No assunto específico dos impostos, basta observar a composição do número apresentado a cada ano pelo DGT, no qual o maior de todos os “gastos tributários” (e vamos ter cuidado com essa linguagem) é o Simples Nacional, que a SRF estima que vá custar 125 bilhões em 2024. A estimativa de “gasto tributário” gerada pelo Simples Nacional presume que todas as empresas que aderiram ao sistema continuariam a existir do mesmo jeito caso tivessem que funcionar no sistema “complicado”. O “gasto tributário” seria a diferença entre o que pagariam no “complicado” deduzido o que foi pago no Simples.

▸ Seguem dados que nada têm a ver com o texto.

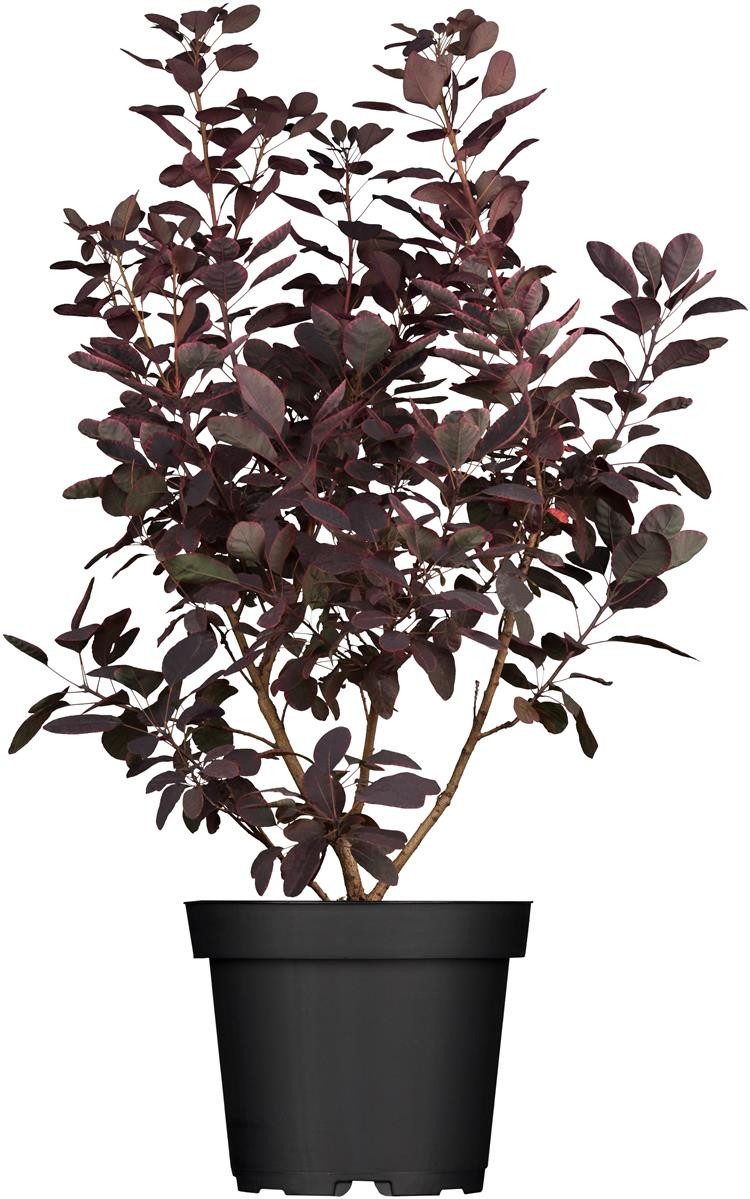 Pflanzen für Dich Gehölze Cotinus coggygria Royal Purple, 1 St., Perückenstrauch, Rauchbusch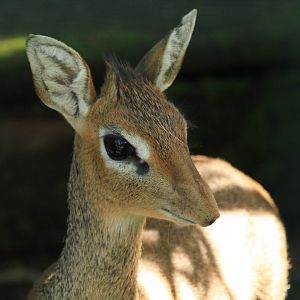 Kirk's dik-dik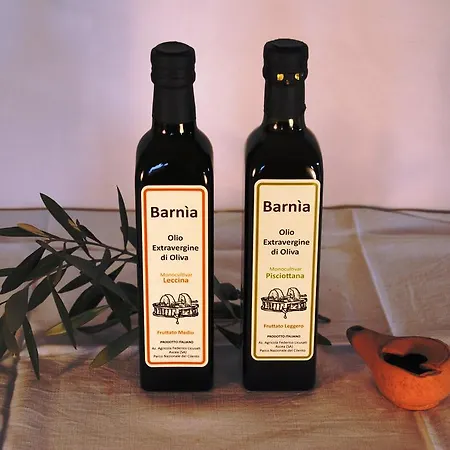 Apartment Barnia *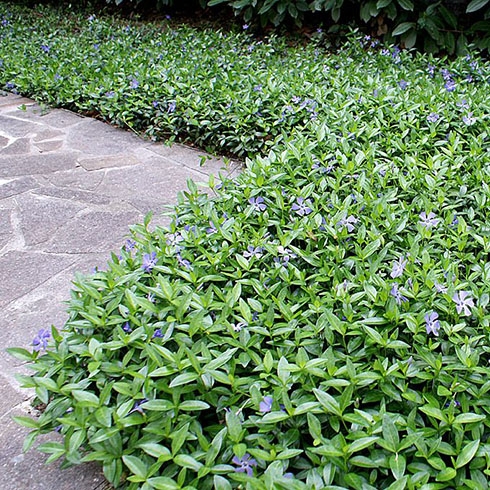 groundcover-bowles-periwinkle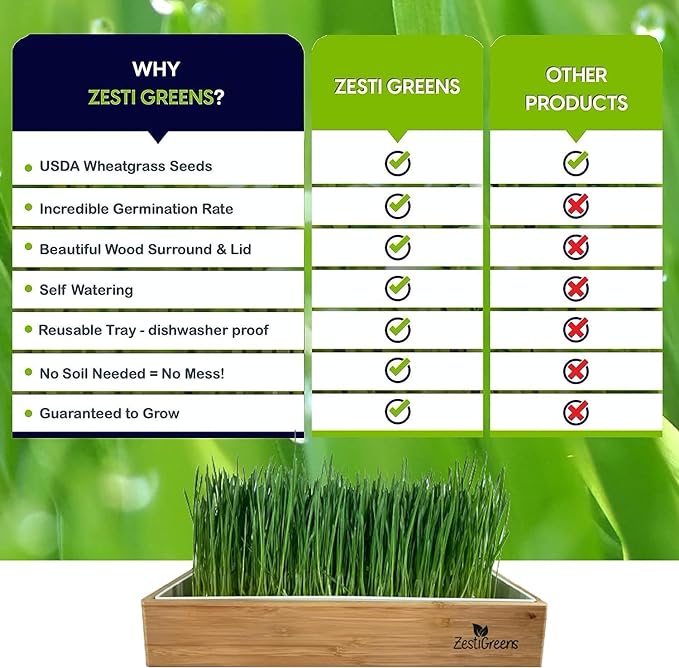 Organic Wheatgrass Growing Kit, Self Watering, with Soilless Grow Mats. The Easy Way to Grow & Juice Healthy Wheat Grass & Make Cat Grass. Bamboo Surround & Black Out Lid. (Organic Wheatgrass Kit)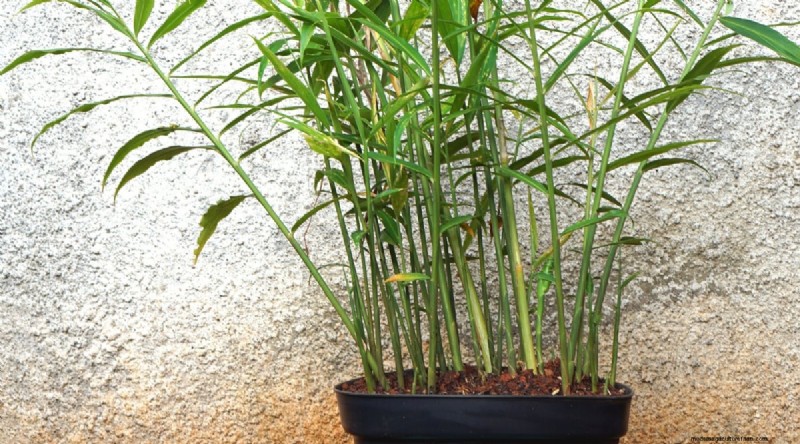 Grow Ginger in Pots: 15 Expert Tips for Container Success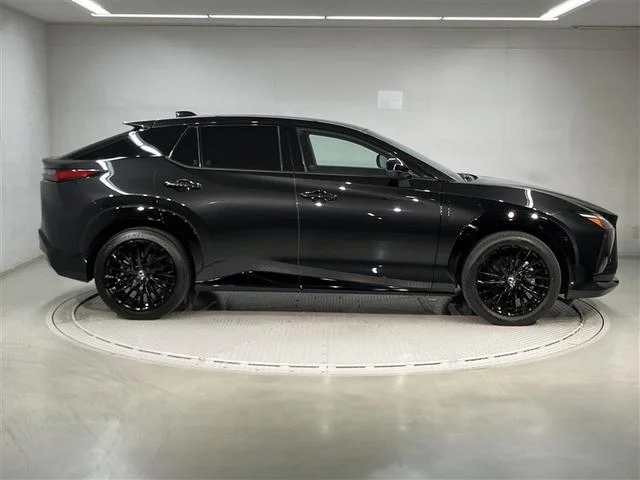Lexus RZ — фото 4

Claro que é um cálculo irreal, pois, provavelmente, a grande maioria das empresas no Simples Nacional, responsáveis por mais de 11 milhões de empregos em 2019, deixaria de existir se o sistema fosse abolido.
Mais irreal ainda, entretanto, seria incluir na conta, como faz a UNAFISCO, a não-implementação do Imposto sobre Grandes Fortunas como renúncia ou privilégio.
Presume-se que o presidente da República tenha ouvido explicações e qualificações de seus ministros quando eles exibiram o número de R$ 646 bilhões de “subsídios e renúncias”. O desagrado do mandatário talvez seja exatamente pelo fato de que não existe solução fácil para o problema fiscal brasileiro, e sem esta solução não há mágica para levar o Brasil a juros de Primeiro Mundo.
[1] Ver https://www.riobravo.com.br/voto-divergente-no-copom-uma-nota-2/.
[2] No contexto do relatório do ministro Vital do Rego recomendando a aprovação das contas do governo para o exercício de 2023. Tribunal de Contas da União Contas do Presidente da República 2023, Ministro Relator Vital do Rêgo, Brasília, 2024.
[3] BRASIL. Secretaria da Receita Federal. Demonstrativo dos gastos tributários ― PLOA 2024. Brasília, set. 2023.
[4] UNAFISCO NACIONAL De gastos tributários à concretização dos privilégios tributários: privilegiômetro tributário de 2024. Nota Técnica n. 32/2024.